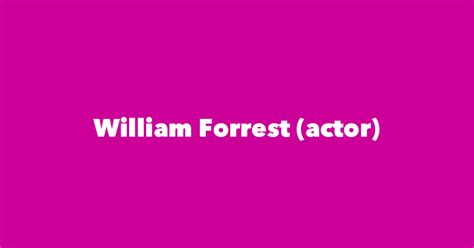 William Forrest (actor) - Spouse, Children, Birthday & More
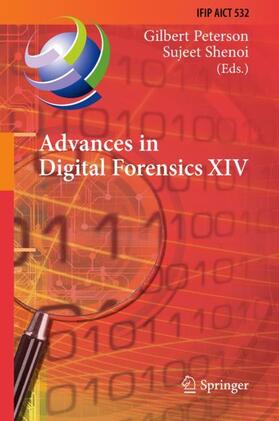 Shenoi / Peterson | Advances in Digital Forensics XIV | Buch | 978-3-319-99276-1 | sack.de
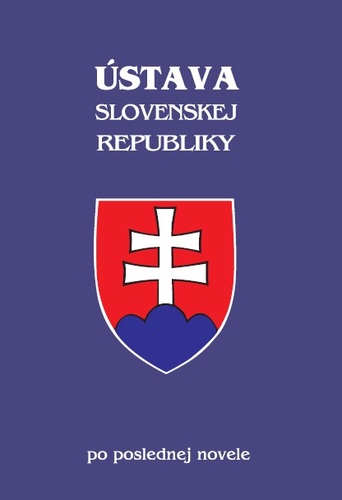Ústava Slovenskej republiky po poslednej novele (4.4.2017)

• THE PROBLEM: Excluding the images, copy all of the material above verbatim.

• THE COMPLETED TASK:
 William Forrest (actor) - Spouse, Children, Birthday & More
 Shenoi / Peterson | Advances in Digital Forensics XIV | Buch | 978-3-319-99276-1 | sack.de
Ústava Slovenskej republiky po poslednej novele (4.4.2017)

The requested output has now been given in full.